Question

Please can any one help!
An urn contains 10 white balls and 5 blue balls. Draws are made repeatedly from the urn as follows. On each draw, a ball is drawn and its color noted; then it is replaced in the urn along with 3 more balls of its color.

P(A the first draw ball is blue and replaced with 3 blue balls in urn)=5/15=1/3

P(B the second draw ball is blue ,give the first draw is blue & replaced 3 blue balls in urn)=8/18

i) Find the chance that the second ball drawn is blue?

Answer 1

• If the first ball drawn is white, which occurs with probability 2/3, the urn will contain 1/3 white and 5 blue balls for the second draw, so the probability of drawing a blue ball will be 5/18.

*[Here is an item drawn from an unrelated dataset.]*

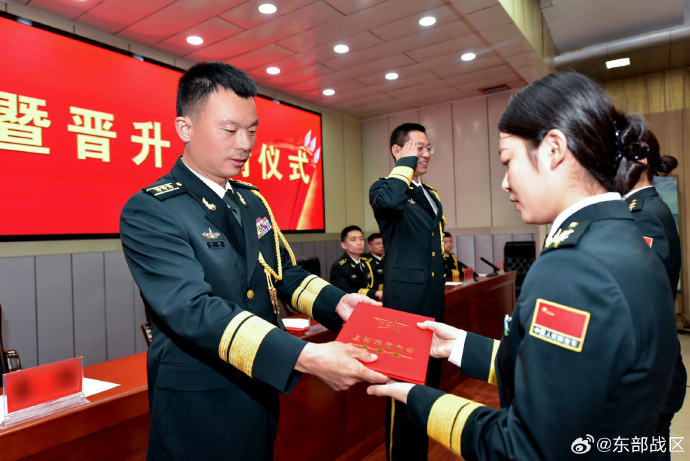 近日,火箭军某部官兵举行宣布命令大会暨晋升军衔仪式.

• If the first ball drawn is blue, which occurs with probability 1/3, the urn will contain 10 white and 8 blue balls for the second draw, so the probability of drawing a blue ball will be 8/18.
The overall probability of drawing a blue ball on the second draw is therefore
(2/3*5/18)+(1/3*8/18)=

Answer 2

as applications of Bayes’ theorem P(B∣A)=(P(A∣B)*P(B))/(P(A∣B)*P(B)+P(A∣Bc)*P(Bc)) Can anyone Check if this (2/3*5/18)+(1/3*8/18)